Updating a compound index may incur a minor performance hit for various reasons, depending on the runtime environment. For example, filesystem buffers are typically associated with open file descriptors, which may limit the total cache space available to each index.

This setting may also affect how much data needs to be transferred during index replication operations.

The default is false .

  1. <useCompoundFile>false</useCompoundFile>

useCompountFile and noCFSRatio

Users who set the <useCompoundFile> option to true should also carefully consider whether they want to set the noCFSRatio on their <mergePolicy> as well. Many MergePolicy implementations have default values for this setting that prevent compound files from being used for large segments.

合并索引片段

mergePolicy

Defines how merging segments is done. The default in Solr is TieredMergePolicy , which merges segments of approximately equal size, subject to an allowed number of segments per tier. Other policies available are the LogByteSizeMergePolicy and LogDocMergePolicy . For more information on these policies, please see the MergePolicy javadocs .

  1. <mergePolicy class="org.apache.lucene.index.TieredMergePolicy">
  2. <int name="maxMergeAtOnce">10</int>
  3. <int name="segmentsPerTier">10</int>
  4. </mergePolicy>

mergeFactor

For the LogByteSizeMergePolicy, or the (default) TieredMergePolicy, the <mergeFactor> configuration option can be used as a convenience setting to indicate how many segments a Lucene index is allowed to merge at one time. It is equivalent to setting either <int name="mergeFactor"> on the LogByteSizeMergePolicy, or setting both <int name="maxMergeAtOnce"> and <int name="segmentsPerTier"> (to the same value) on the TieredMergePolicy.

To understand why a mergeFactor is important, consider what happens when an update is made to an index: Documents are always added to the most recently opened segment. When a segment fills up, a new segment is created and subsequent updates are placed there. If creating a new segment would cause the number of lowest-level segments to exceed the mergeFactor value, then all those segments are merged together to form a single large segment. Thus, if the merge factor is 10, each merge results in the creation of a single segment that is roughly ten times larger than each of its ten constituents. When there are 10 of these larger segments, then they in turn are merged into an even larger single segment. This process can continue indefinitely.

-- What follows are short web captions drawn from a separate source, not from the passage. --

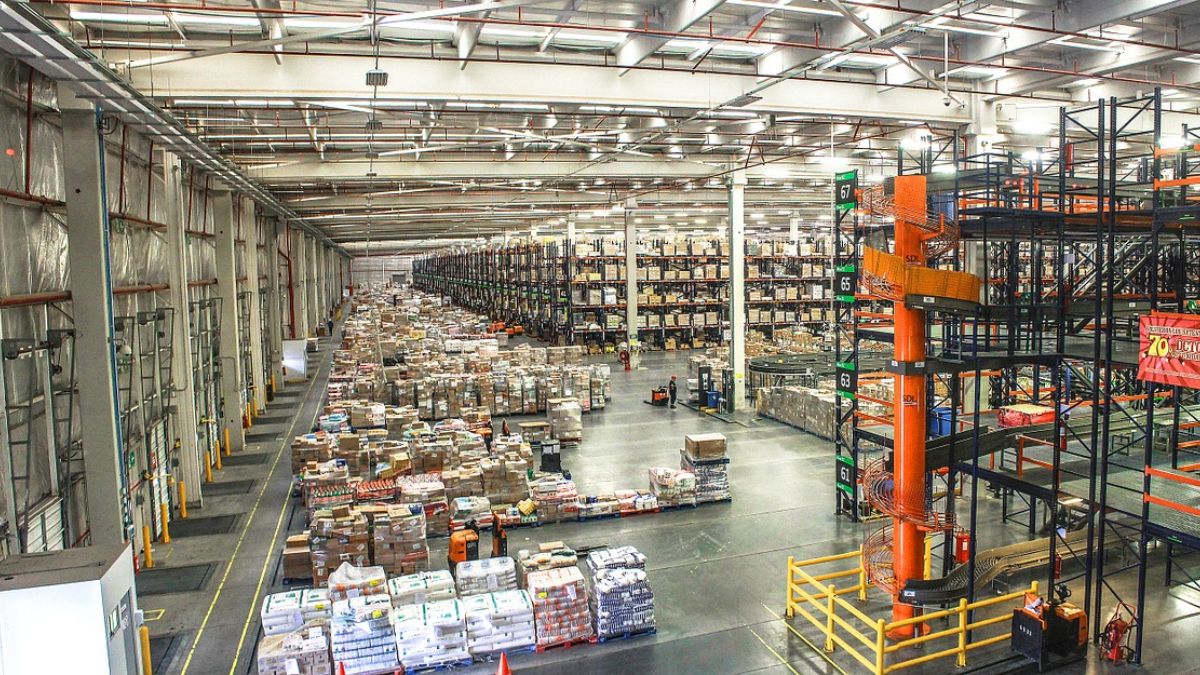 High-angle view of a large, modern industrial warehouse filled with organized storage racks, pallets, and inventory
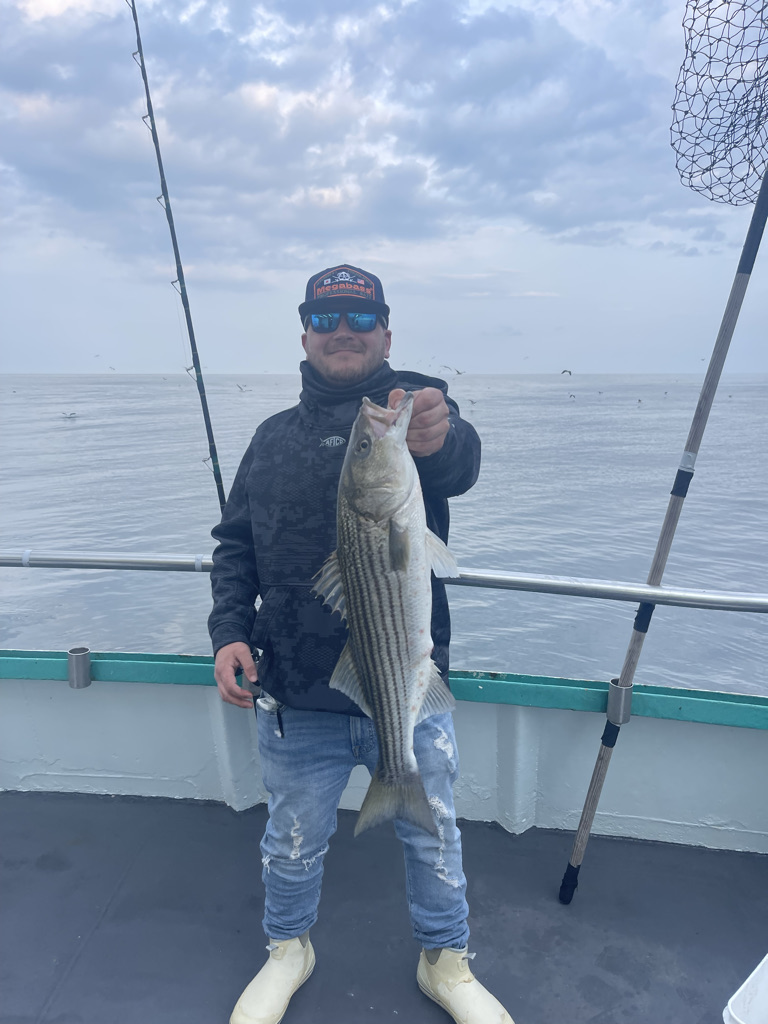 a man standing next to a body of water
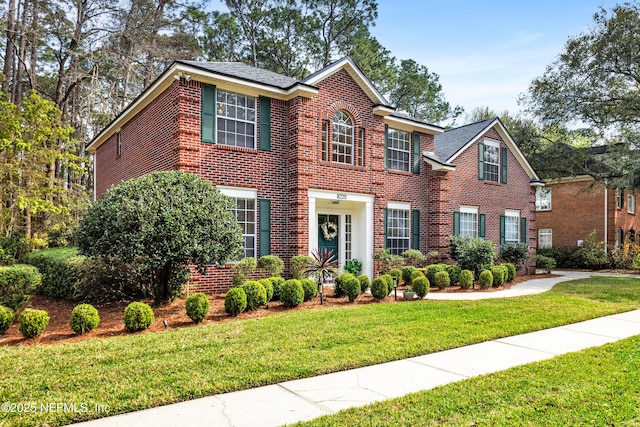 colonial-style house featuring brick siding and a front yard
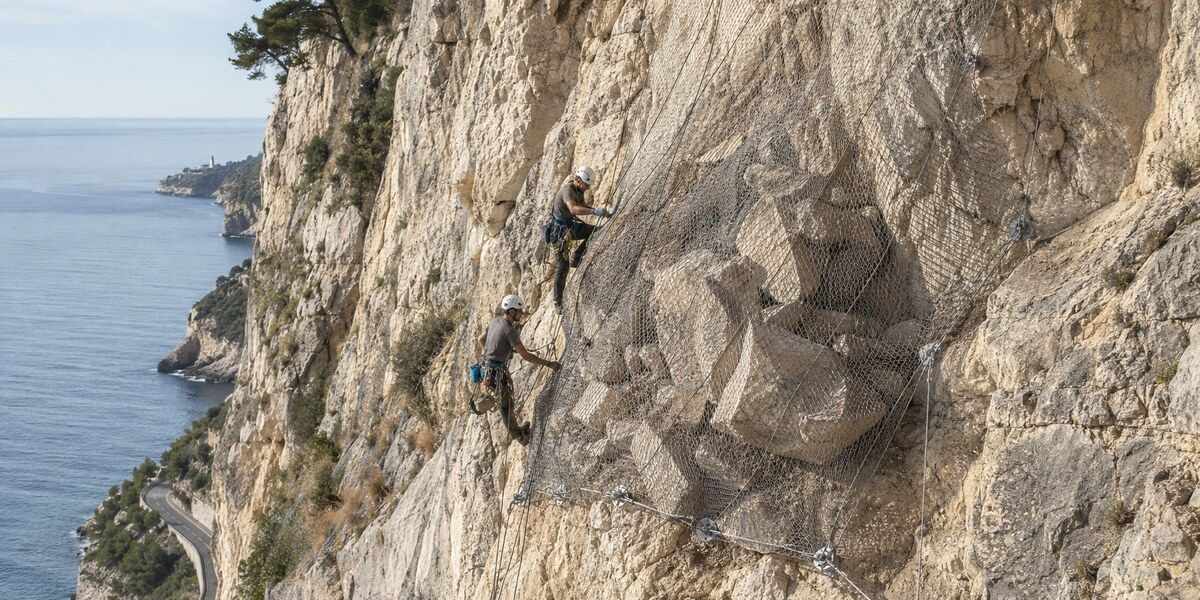 Deux cordistes sécurisant des blocs rocheux derrière un filet métallique sur une falaise méditerranéenne évoquant le Cap de Nice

Choosing the best merge factor is generally a trade-off of indexing speed vs. searching speed. Having fewer segments in the index generally accelerates searches, because there are fewer places to look. It also can also result in fewer physical files on disk. But to keep the number of segments low, merges will occur more often, which can add load to the system and slow down updates to the index.

Conversely, keeping more segments can accelerate indexing, because merges happen less often, making an update is less likely to trigger a merge. But searches become more computationally expensive and will likely be slower, because search terms must be looked up in more index segments. Faster index updates also means shorter commit turnaround times, which means more timely search results.

The default behavior of both LogByteSizeMergePolicy and TieredMergePolicy is an effective mergeFactor of 10:

  1. <mergeFactor>10</mergeFactor>

mergeScheduler

The merge scheduler controls how merges are performed. The default ConcurrentMergeScheduler performs merges in the background using separate threads. The alternative, SerialMergeScheduler , does not perform merges with separate threads.

  1. <mergeScheduler class="org.apache.lucene.index.ConcurrentMergeScheduler"/>

mergedSegmentWarmer

When using Solr in for Near Real Time Searching a merged segment warmer can be configured to warm the reader on the newly merged segment, before the merge commits. This is not required for near real-time search, but will reduce search latency on opening a new near real-time reader after a merge completes.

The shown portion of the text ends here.